Este último episódio é um exemplo por assim dizer didático de parricídio ritual, aliás por ele mesmo documentado, questão mais complexa e delicada por suas implicaçõoes éticas, tanto pessoais quanto profissionais (Ensaios insólitos, 1979). Amigo íntimo e protegido de Anísio Teixeira, ambicionava, entretanto, em lugar dele, o posto de primeiro reitor da Universidade de Brasília então criada e que, no consenso geral, estava destinado ao educador baiano. Darcy Ribeiro procurou-o para propor uma troca: a reitoria, que queria para ele mesmo, e a vice-reitoria para o seu mestre, procedimento, diz o próprio Darcy Ribeiro, que "não foi dos mais cautos e respeitosos", e que, apresentado em forma de ultimato, foi aceito, demonstrando a sua grandeza de alma (literal).

Tudo bem considerado, os Ensaios insólitos podem ser vistos como o livro característico de Darcy Ribeiro, volume de juízos contraditórios, raciocínios simplistas e generalizações infundadas, texto mais brilhante e ofuscante do que sólido e fecundo. Em outras palavras, vindos de Darcy Ribeiro, esses ensaios nada têm de insólito. É livro que se critica por si mesmo, lendo lado a lado, sem qualquer comentário as passagens que escreveu ao sabor dos interesses momentâneos, reações emocionais, ressentimentos mal contidos e ilimitada auto-admiração (que admitia sem dificuldade). Não raro, suas ações eram determinadas por conveniências políticas: assim, por exemplo, tomou partido em favor do projeto de lei que favorecia as escolas confessionais em detrimento da escola pública, percorrendo o país em campanha de propaganda.

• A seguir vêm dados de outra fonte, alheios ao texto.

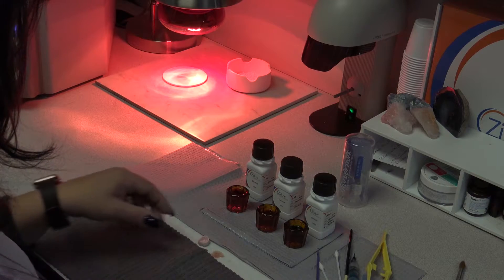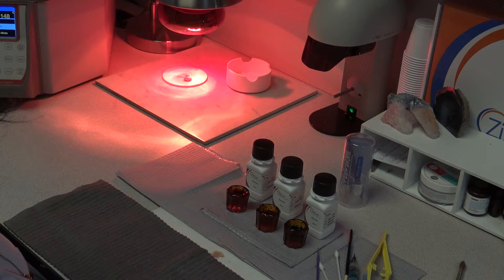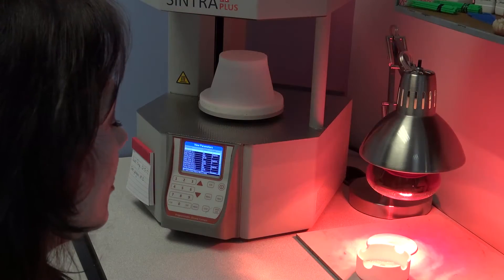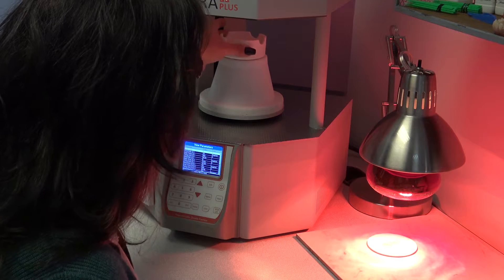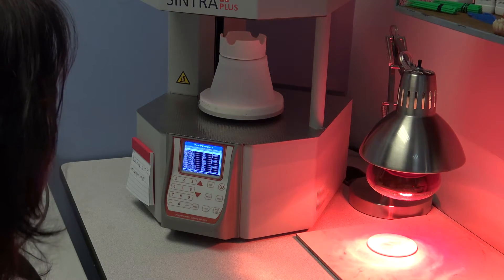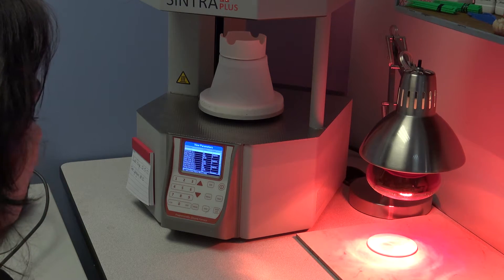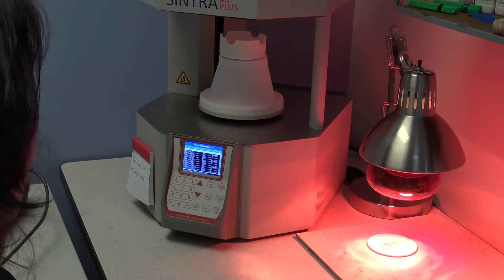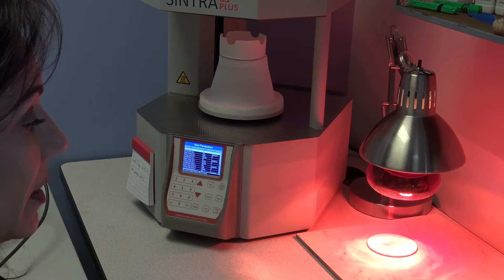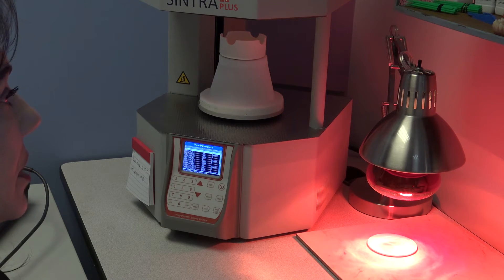The last step before sintering is to put your crown under a heat lamp and dry it for 25 minutes, and then you're ready to sinter. After your crown has dried for at least 25 minutes, put it in your oven. You always want to follow the manufacturer's instructions for use and their sintering cycles. Because of the variances in different ovens, we have found a program that works really great and have had very good success using it. If you find that the IFU is not giving you the desired results, I would recommend trying this program.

Como situá-lo no quadro intelectual que tem Gilberto Freyre como figura dominante, ou mesmo, Manoel Bomfim, há pouco recuperado numa tentativa, aliás, malograda de revalorização? Nele, as promessas implícitas e as reivindicações expressas não se cumpriram na obra realizada: foi um dispersivo polêmico, emocional e desequilibrado, longe da gravidade mental que se espera de um pensador. Todos os seus livros deixam a impressão de improvisados, sugerindo um desenvolvimento que não veio. Manoel Bonfim, se foi igualmente emocional como historiador, esteve, pelo menos, adiante do seu tempo, nos estudos sobre a simbologia no pensamento e na linguagem.

Aspecto, este último, que revela, por inesperado, a discronia ou ucronia característica nas idéias de Darcy Ribeiro: é que, tendo chegado tarde demais para rivalizar com os seus mestres, ou mesmo contracená-los em estatura, chegou cedo demais para atualizar-se com a grande renovação metodológica e mental do Estruturalismo desencadeada por Lévi-Strauss justamente em matéria brasileira. Discronia comparável e simétrica ocorre na sua obra de ficção, conforme ficou dito. Ele deveria ter feito com Maíra e O Mulo o que Guimarães Rosa fez com o regionalismo dos anos 30, isto é, renová-lo. Mais pelo efeito de surpresa, Maíra pareceu à primeira vista a grande revelação do romance em 1976 (20 anos depois de Grande sertão), assim como O Mulo não esconde as repetições e o cansaço narrativo. São exemplos do que já se chamou a "ansiedade da influência" que leva muitos a escrever simplesmente porque outros já o fizeram. São romances de fórmulas repetidas sob as aparências de criação original.

Os episódios e a intriga são diferentes, mas não a matéria nem a estrutura romanesca, a que acrescentou uma coprolália obsessiva, sem qualquer função na narrativa, cujo modelo se encontra, por inesperado, em... São Bernardo: "Este escrito de meu punho e letra é minha confissão e testamento. Aqui confesso meus pecados muitos... Filho, sei com certeza que não fiz nenhum... Destrambelhei. Hoje só penso bestagem. A cabeça não dá sossego. Dasatinou. ... Breve vida minha que se esvai roubada de mim para sobejar como sombra do meu corpo ausente [...]".